The answer should be yes, yes, and yes again to the retention of our sovereignty, and no, no, and no again to a federation of member states.

I end with an analogy suggested to me by President Gorbachev's reference to a common European home and Mr. Delor's recent reference to his vision of a European village. To me, the common European home that we should seek to construct is a very large apartment block with flats of varying sizes--

Mr. Deputy Speaker (Mr. Harold Walker) : Order. The right hon. Gentleman has gone beyond his time. Mr. John Maples.

8.16 pm

Mr. John Maples (Lewisham, West) : I am unable to share the enthusiasm of the right hon. Member for Bethnal Green and Stepney (Mr. Shore) for constructing, through a system of conferences and the use of the conference on security and co-operation in Europe and border guarantees, the security that we need in a new Europe.
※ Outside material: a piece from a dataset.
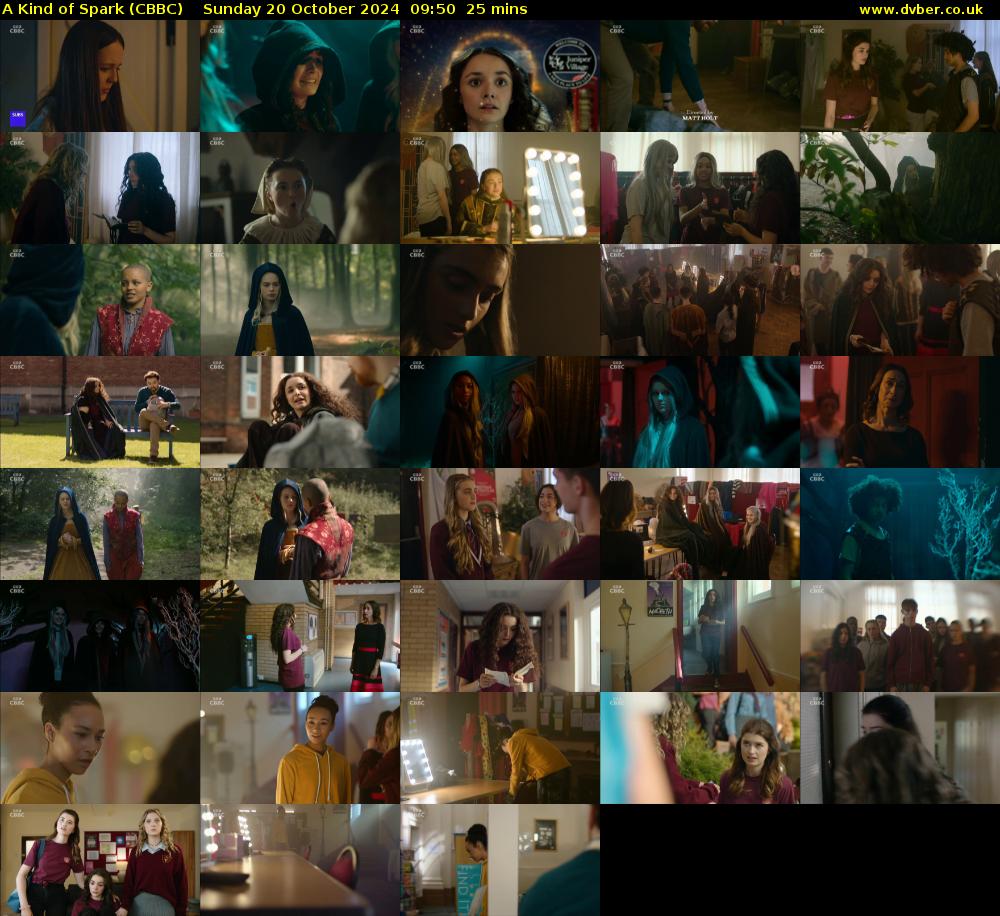 A Kind of Spark (CBBC) Sunday 20 October 2024 09:50 - 10:15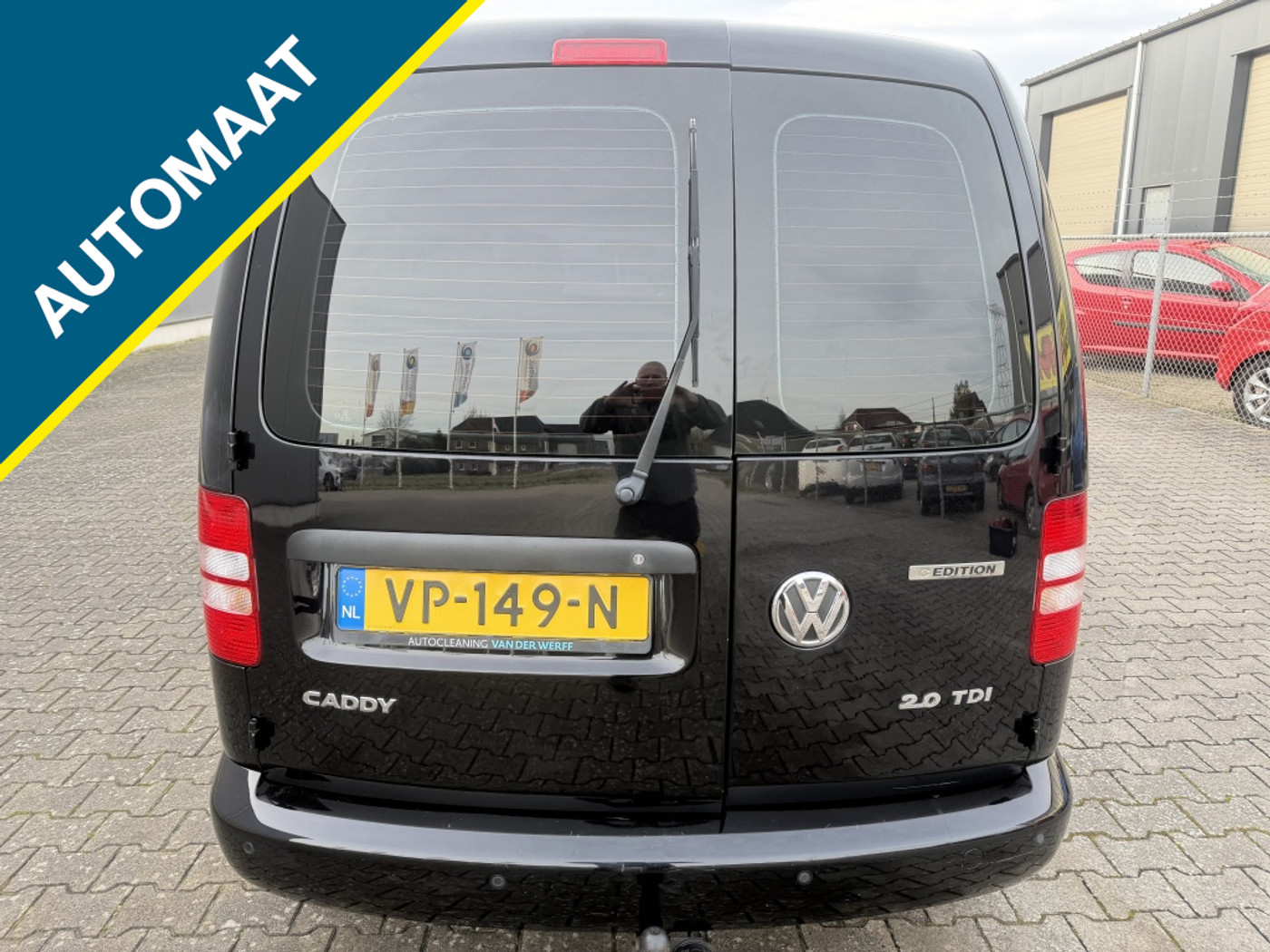 Foto van Volkswagen Caddy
It seemed to me to be all too redolent of the conferences at Locarno and Lugano and the League of Nations, all of which were full of guarantees and good will but which did little to protect us from the most awful war that mankind has ever experienced. We need to construct something that is much sounder than that.
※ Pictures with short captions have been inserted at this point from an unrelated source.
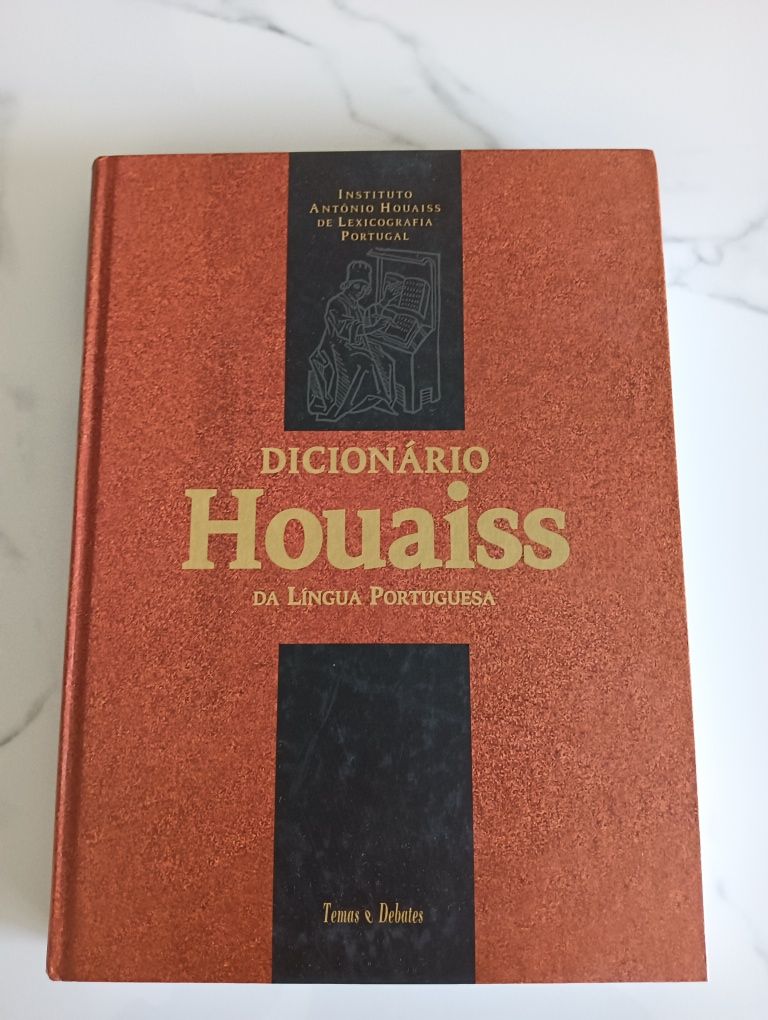 Dicionário Houaiss da Língua Portuguesa - Tomo I - A - Afo	NOVO!!*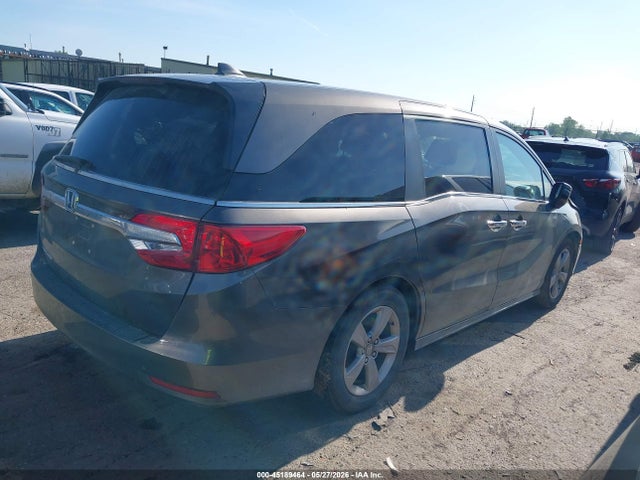 45189464 :رقم المزاد ، 5FNRL6H5XKB125027 vin ، 2019 Honda Odyssey Ex مزاد بيع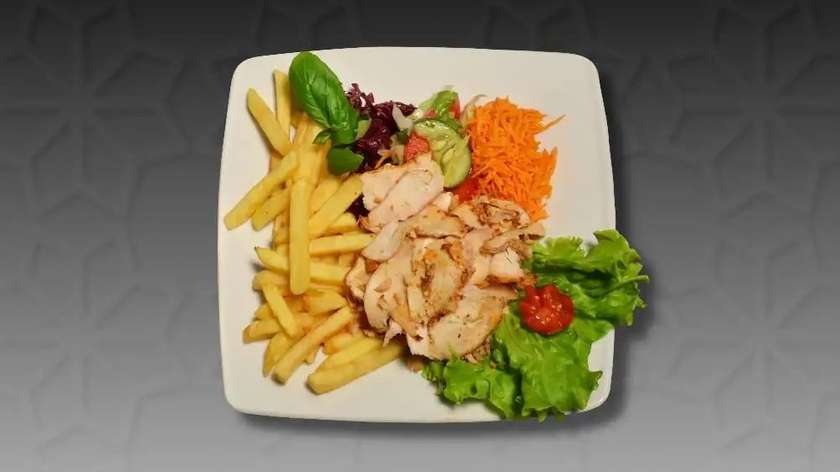 MINI Danie kebab z kurczaka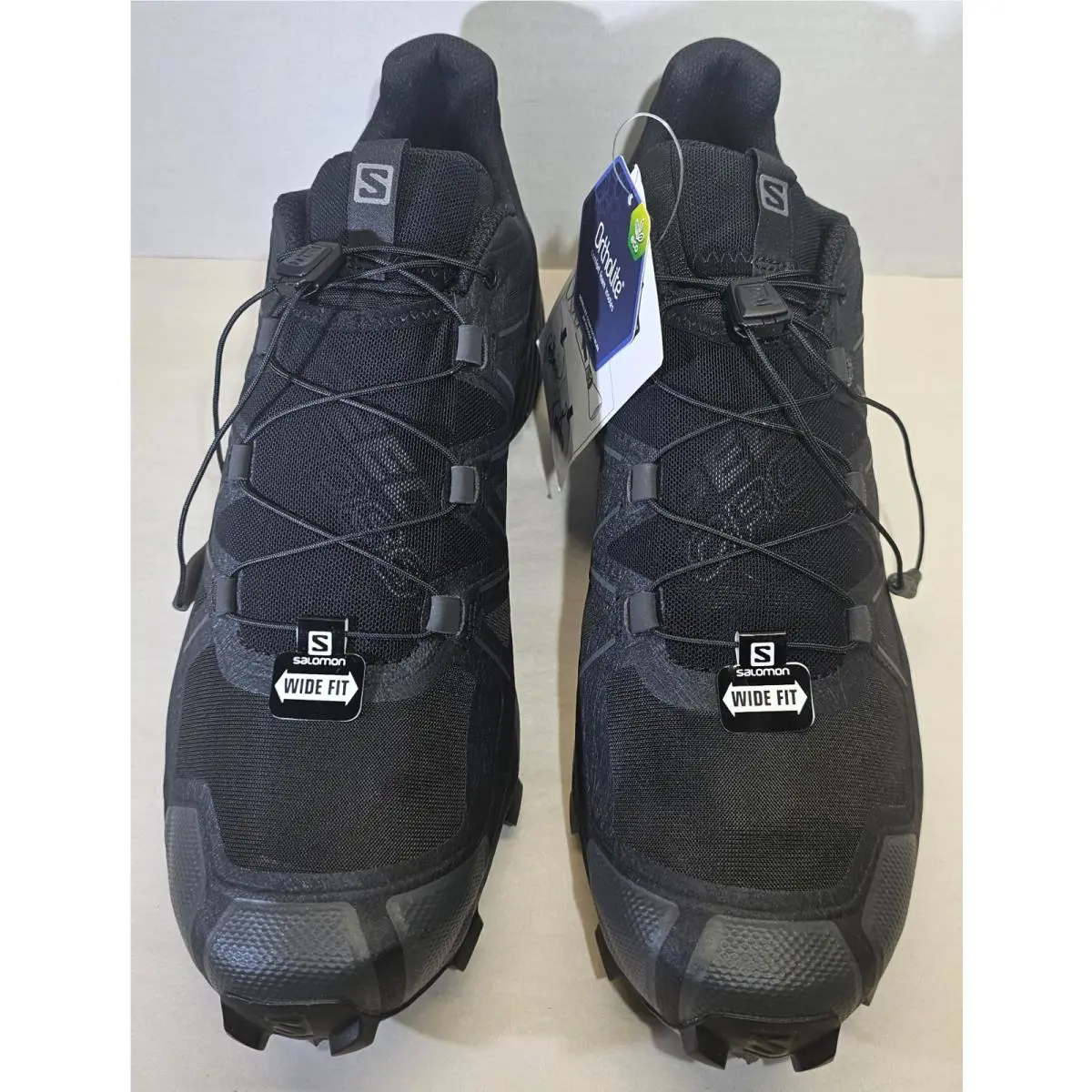 Salomon shoes - Speedcross 5 - Speedcross - 407935 - Black/Black/Phantom 7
I face the prospect of a united Europe with a mixture of joy and apprehension. We all rejoice that eastern Europe is finally free of the shackles of its imperial masters. However, I am apprehensive about tearing up a security system that has brought peace to Europe for 45 years. That peace was brought about by the division of Europe into two hostile camps. At times there has been tension, and sometimes there has been danger. Nevertheless, that division has worked. It succeeded in suppressing many of the nationality and border problems that had been at the heart of European history for a long time and that are now re-emerging.

The challenge that we face is to replace a system that has guaranteed us that security and not to allow the problems that are re-emerging--the problems of the 19th century and the first half of the 20th century--to engulf us again. All those problems are still there--boundaries, nationalities, ethnic minorities, above all, a greater Germany and just exactly what that means and what its position will be in Europe.
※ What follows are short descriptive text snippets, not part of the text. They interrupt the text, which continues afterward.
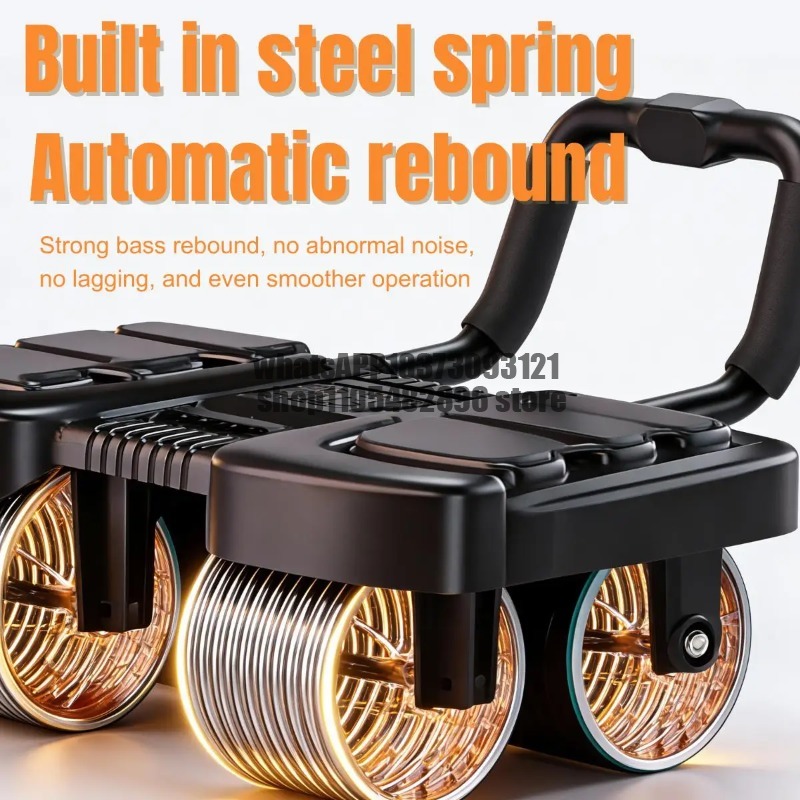 Тренажер для пресса 2-в-1: рол – обзор и цена Ab Roller Wheel With Elbow Support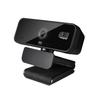 Adesso Cybertrack H6 4K Ultra HD USB Webcam with Built-in Dual Microphone & Privacy Shutter Cover, Black view 1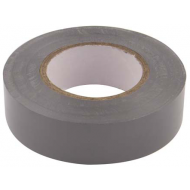 33M X 19MM GREY PVC TAPE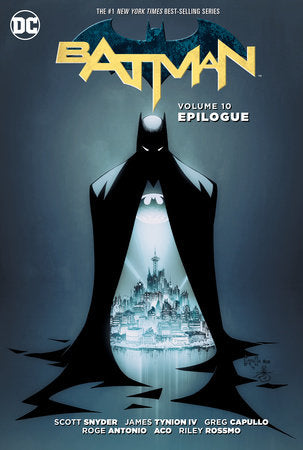 Batman Vol. 10: Epilogue Paperback by Scott Snyder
Events have unfolded incredibly fast, but in some ways things are more certain now than they were three months ago. It now seems to be fairly clear that democratic states are emerging in Hungary, Poland, East Germany and Czechoslovakia. There is obviously some danger of rather greater problems in Romania and Yugoslavia.

It now seems certain that there will be a united Germany. Three months ago it did not seem at all clear that the United States and the Soviet Union would agree to that, but now it is perfectly clear that they will. We


Column 1141

should welcome that as it is something we have sought for a long time, but we have to focus on the fears and problems in western Europe and in the Soviet Union. If anybody has suffered from overweening German power in the past, it has been the countries of eastern Europe and the Soviet Union.

We do not yet know what the Soviet Union needs for its own security. We do not really know what the future of the Soviet Union and its empire within the boundaries of the USSR will be. We cannot ignore the danger that the Soviet Union may revert to what it was before. I doubt that it will present the same military threat, but there is certainly a possibility that the liberalising that has taken place under President Gorbachev will stop.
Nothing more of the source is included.